§ **DATA RECORDS**:
####################

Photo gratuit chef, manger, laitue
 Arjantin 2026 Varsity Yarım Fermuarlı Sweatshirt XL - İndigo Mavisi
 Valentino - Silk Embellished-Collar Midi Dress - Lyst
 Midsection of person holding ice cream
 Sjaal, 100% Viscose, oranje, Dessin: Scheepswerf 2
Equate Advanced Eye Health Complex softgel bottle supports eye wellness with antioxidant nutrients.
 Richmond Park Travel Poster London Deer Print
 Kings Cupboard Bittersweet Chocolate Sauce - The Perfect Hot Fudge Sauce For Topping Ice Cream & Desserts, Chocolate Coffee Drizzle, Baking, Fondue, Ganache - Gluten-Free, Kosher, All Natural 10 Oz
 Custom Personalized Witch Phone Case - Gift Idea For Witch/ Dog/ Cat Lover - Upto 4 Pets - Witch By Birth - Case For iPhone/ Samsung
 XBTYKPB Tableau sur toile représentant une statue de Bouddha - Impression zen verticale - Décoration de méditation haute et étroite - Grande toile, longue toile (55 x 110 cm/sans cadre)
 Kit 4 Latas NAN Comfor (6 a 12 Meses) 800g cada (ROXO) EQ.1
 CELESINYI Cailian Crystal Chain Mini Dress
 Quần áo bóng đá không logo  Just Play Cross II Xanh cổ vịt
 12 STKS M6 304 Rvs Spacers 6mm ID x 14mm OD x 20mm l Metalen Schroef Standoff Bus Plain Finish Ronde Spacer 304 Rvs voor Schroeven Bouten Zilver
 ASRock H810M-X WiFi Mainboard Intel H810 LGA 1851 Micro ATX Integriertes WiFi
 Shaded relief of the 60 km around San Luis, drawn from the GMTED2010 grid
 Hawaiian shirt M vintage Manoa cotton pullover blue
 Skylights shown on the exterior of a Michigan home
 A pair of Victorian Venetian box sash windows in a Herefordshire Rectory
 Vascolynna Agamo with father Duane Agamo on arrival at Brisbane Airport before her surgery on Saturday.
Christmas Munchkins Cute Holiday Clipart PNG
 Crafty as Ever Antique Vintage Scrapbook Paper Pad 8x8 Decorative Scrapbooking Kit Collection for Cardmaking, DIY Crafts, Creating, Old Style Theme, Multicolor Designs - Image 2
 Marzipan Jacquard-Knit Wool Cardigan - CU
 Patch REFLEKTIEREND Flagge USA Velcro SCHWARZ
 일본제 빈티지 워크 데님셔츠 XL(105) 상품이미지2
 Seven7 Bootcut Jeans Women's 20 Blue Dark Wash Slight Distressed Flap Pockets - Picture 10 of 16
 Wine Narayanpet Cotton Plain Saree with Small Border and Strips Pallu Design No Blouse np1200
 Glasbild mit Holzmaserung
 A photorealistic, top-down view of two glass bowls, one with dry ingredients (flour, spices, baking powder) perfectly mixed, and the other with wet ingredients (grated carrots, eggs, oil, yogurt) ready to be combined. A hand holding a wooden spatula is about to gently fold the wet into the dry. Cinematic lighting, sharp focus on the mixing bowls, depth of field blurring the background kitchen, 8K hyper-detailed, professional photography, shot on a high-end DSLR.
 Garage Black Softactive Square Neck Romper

####################

Begin with the first line of the records and finish with the line containing "Glasbild mit Holzmaserung". Reproduce those lines exactly, both ends included, and nothing else.

§ **ANSWER TO THE EXERCISE**:
Photo gratuit chef, manger, laitue
 Arjantin 2026 Varsity Yarım Fermuarlı Sweatshirt XL - İndigo Mavisi
 Valentino - Silk Embellished-Collar Midi Dress - Lyst
 Midsection of person holding ice cream
 Sjaal, 100% Viscose, oranje, Dessin: Scheepswerf 2
Equate Advanced Eye Health Complex softgel bottle supports eye wellness with antioxidant nutrients.
 Richmond Park Travel Poster London Deer Print
 Kings Cupboard Bittersweet Chocolate Sauce - The Perfect Hot Fudge Sauce For Topping Ice Cream & Desserts, Chocolate Coffee Drizzle, Baking, Fondue, Ganache - Gluten-Free, Kosher, All Natural 10 Oz
 Custom Personalized Witch Phone Case - Gift Idea For Witch/ Dog/ Cat Lover - Upto 4 Pets - Witch By Birth - Case For iPhone/ Samsung
 XBTYKPB Tableau sur toile représentant une statue de Bouddha - Impression zen verticale - Décoration de méditation haute et étroite - Grande toile, longue toile (55 x 110 cm/sans cadre)
 Kit 4 Latas NAN Comfor (6 a 12 Meses) 800g cada (ROXO) EQ.1
 CELESINYI Cailian Crystal Chain Mini Dress
 Quần áo bóng đá không logo  Just Play Cross II Xanh cổ vịt
 12 STKS M6 304 Rvs Spacers 6mm ID x 14mm OD x 20mm l Metalen Schroef Standoff Bus Plain Finish Ronde Spacer 304 Rvs voor Schroeven Bouten Zilver
 ASRock H810M-X WiFi Mainboard Intel H810 LGA 1851 Micro ATX Integriertes WiFi
 Shaded relief of the 60 km around San Luis, drawn from the GMTED2010 grid
 Hawaiian shirt M vintage Manoa cotton pullover blue
 Skylights shown on the exterior of a Michigan home
 A pair of Victorian Venetian box sash windows in a Herefordshire Rectory
 Vascolynna Agamo with father Duane Agamo on arrival at Brisbane Airport before her surgery on Saturday.
Christmas Munchkins Cute Holiday Clipart PNG
 Crafty as Ever Antique Vintage Scrapbook Paper Pad 8x8 Decorative Scrapbooking Kit Collection for Cardmaking, DIY Crafts, Creating, Old Style Theme, Multicolor Designs - Image 2
 Marzipan Jacquard-Knit Wool Cardigan - CU
 Patch REFLEKTIEREND Flagge USA Velcro SCHWARZ
 일본제 빈티지 워크 데님셔츠 XL(105) 상품이미지2
 Seven7 Bootcut Jeans Women's 20 Blue Dark Wash Slight Distressed Flap Pockets - Picture 10 of 16
 Wine Narayanpet Cotton Plain Saree with Small Border and Strips Pallu Design No Blouse np1200
 Glasbild mit Holzmaserung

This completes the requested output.